Authors Tharidu Fernando
Editors
Title WorkflowDSL: Scalable Workflow Execution with Provenance
Type master thesis
Organization Software Competence Center Hagenberg
Institution School of Information and Communication Technology
School KTH Royal Institute of Technology
Month September
Year 2017
SCCH ID# 17068
Abstract

Scientific workflow systems enable scientists to perform large-scale data intensive scientific experiments using distributed computing resources. Due to the diversity of domains and complexity of technology, delivering a successful outcome efficiently requires collaboration between domain experts and technical experts. However, existing scientific workflow systems require a large investment of time to familiarise and adapt existing workflows. Thus, many scientific workflows are still being implemented by script based languages (such as Python and R) due to familiarity and extensive third party library support. In this thesis, we implement a framework that uses a domain specific language that enables domain experts to collaborate on fine-tuning workflows. Technical experts are able to use Python for task implementations.
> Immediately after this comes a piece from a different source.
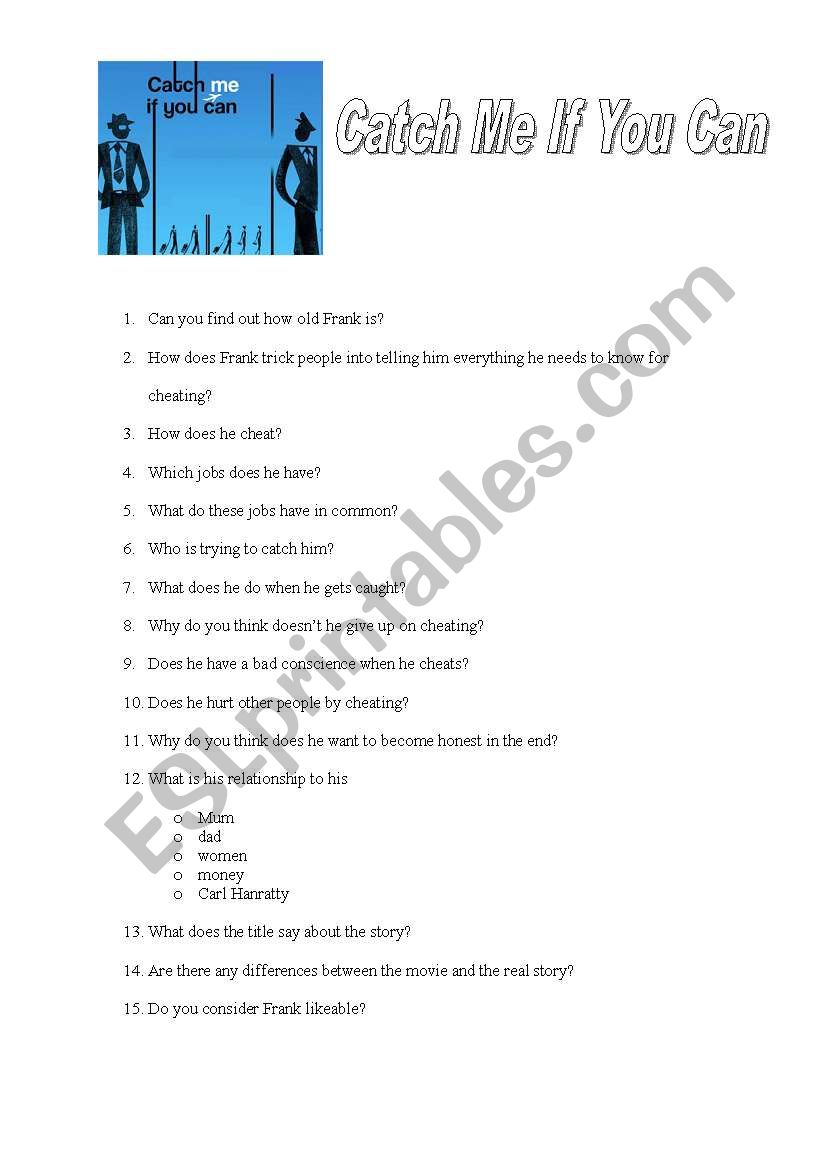 Catch me if you can?  worksheet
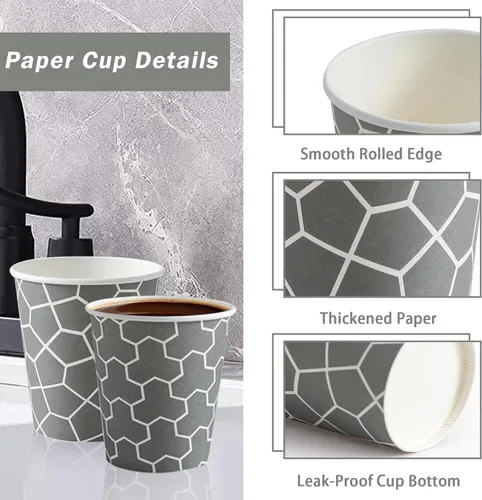 Miniatura 3 de Paquete de 600 unidades de tazas de papel de 4 oz, tazas de café desechables sin fugas de 4 oz, tazas de papel seguras para alimentos para espresso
Moreover, the framework includes support for parallel execution without any specialized code. It also provides a provenance capturing framework that enables users to analyse past executions and retrieve complete lineage of any data item generated. Experiments which were performed using a real-world scientific workflow from the bioinformatics domain show that users were able to execute workflows efficiently while using our DSL for workflow composition and Python for task implementations. Moreover, we show that captured provenance can be useful for analysing past workflow executions.